Kettle Basic Concept Learning

Source: Internet
Author: User

First, understand the development environment and production environment.

For example, after designing a process under Windows or Mac, execute the design file on the machine that was uploaded to the Linux cluster. Then, the work done under Windows is the development environment, and the task is executed on the Linxu machine as a production environment.

Two, kettle conversion

The transformation consists of one or more steps, which are connected by jumping (hop). Jump defines a one-way channel that allows data to flow from one step to another. in kettle, the unit of data is the row, and the data flow is the movement of the data row from one step to another.

Step: Is the basic part of the conversion, appearing as an icon. such as (table input, text file output). Steps to write the data to one or more of the output hops connected to it, and then to the other end of the jump.
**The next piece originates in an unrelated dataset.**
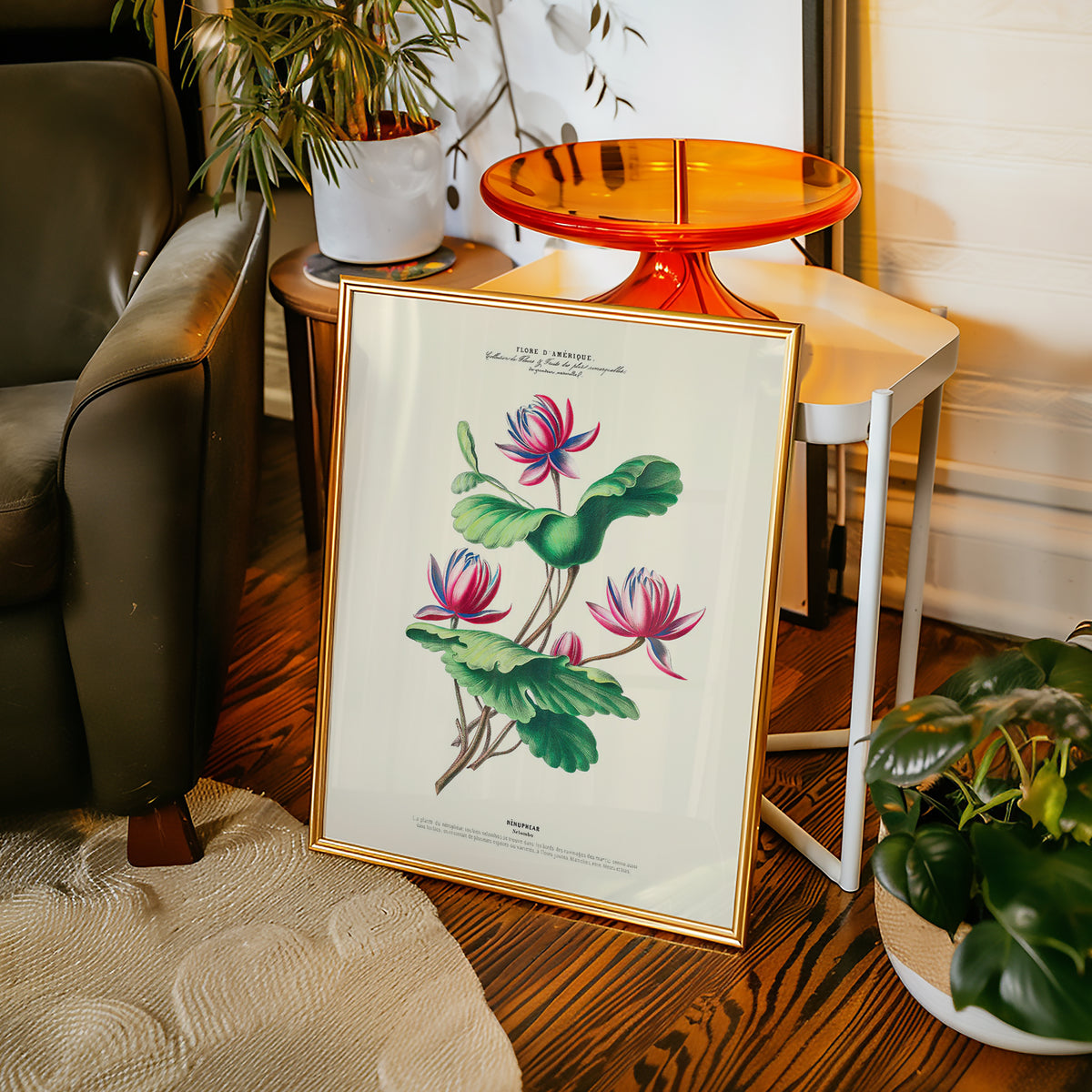 Nénuphear - Flore d'Amérique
This indicates that the jump is a line with arrows between the steps, in fact, two steps between, called rowset (rowset), the data row cache. (The size of the rowset can be defined in the conversion)

The data sending of a step can be set to send in turn and copy send; Send data rows sequentially to each output hop; Copy send: All data rows are sent to all output hops. (SHIFT + left mouse button to quickly create a new hop)
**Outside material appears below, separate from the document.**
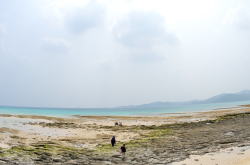 �������Ղ�C���[�W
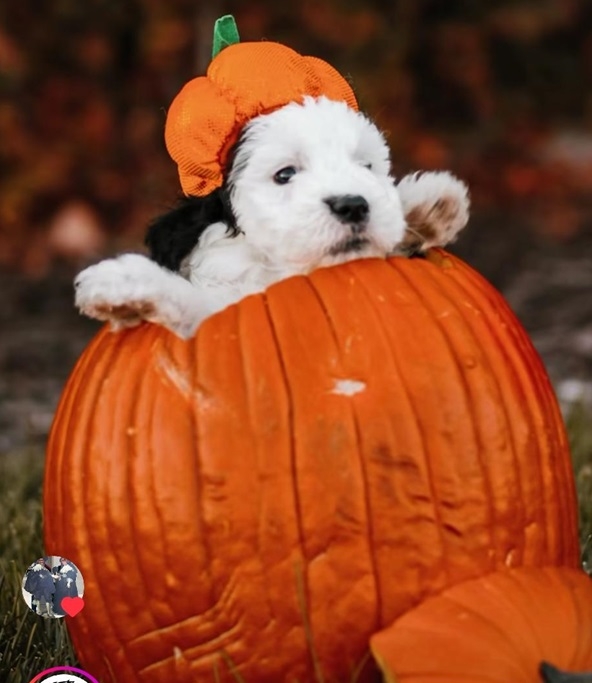 pumpkin pup.jpg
In kettle, all the steps are executed in a concurrent manner, and when the conversion is started, all the steps are started at the same time, the data is read from their input hops, and the processed data is written to the output hop until the input hop is no longer in the data, the step is aborted. When all the steps are aborted, the entire conversion is aborted. Data rows: A data row is a collection of 0 to more fields.

Three, kettle work

A job consists of one or more job items, and the job items are executed in some order.

Job item: Similar to the steps in the transformation, the job item is also graphically displayed as an icon. The result object can be passed between the job items. The result object contains rows of data that are not passed in a stream. Instead, wait for a job item to finish executing before passing it to the next job item. By default, all job items are executed serially.

Job jumps: The connection between jobs is called job hopping. The different running results of each job item in the job determine the different execution paths of the job. The operation results of the job item are judged as follows:

1, unconditional execution: The next job item executes regardless of whether the previous job item was executed successfully or not. Logo, black wire, with a lock icon on it

2, when the run result is true: marked as, green wire, with a hook number

3, when the result of the run is false: marked as, red line, there is a red stop icon

Kettle uses a backtracking algorithm to execute all job items. That is, when executing a node of a path in a job, all the child paths of that node are executed sequentially until there are no more sub-paths that can be executed, then the previous node of that node is returned, and the process is repeated.

Note: The jump defined in the job is the control flow, and the jump defined in the transformation is the data stream.

Four, kettle tools

Spoon: Graphical interface tools to quickly design and maintain complex ETL workflows.

Kitchen: command-line tool to run a job

Pan: command-line tools to run transformations

Carte: A lightweight Web server that can be used to perform transformations or jobs remotely

Five, version naming rules

GA (general availability) releases: Stable release version

Release candidates: Candidate versions such as, ...-rcxx

Milestone releases: The latest milestone version, there will be some new features such as, ...-mxx

Nightly builds: Build version, latest version, and most unstable version of the day

Summary: Spoon is the integrated development environment of kettle, that is to say, in spoon design good job or conversion. Jobs and transformations can be performed in the graphical interface, but this is only during the development, testing, and debugging phases. Once the development is complete, it needs to be deployed to the actual running environment, which is rarely used during the deployment phase of spoon.

Kettle Basic Concept Learning

Contact Us

The content source of this page is from Internet, which doesn't represent Alibaba Cloud's opinion; products and services mentioned on that page don't have any relationship with Alibaba Cloud. If the content of the page makes you feel confusing, please write us an email, we will handle the problem within 5 days after receiving your email.

If you find any instances of plagiarism from the community, please send an email to: info-contact@alibabacloud.com and provide relevant evidence. A staff member will contact you within 5 working days.

A Free Trial That Lets You Build Big!

Start building with 50+ products and up to 12 months usage for Elastic Compute Service

  • Sales Support

    1 on 1 presale consultation

  • After-Sales Support

    24/7 Technical Support 6 Free Tickets per Quarter Faster Response

  • Alibaba Cloud offers highly flexible support services tailored to meet your exact needs.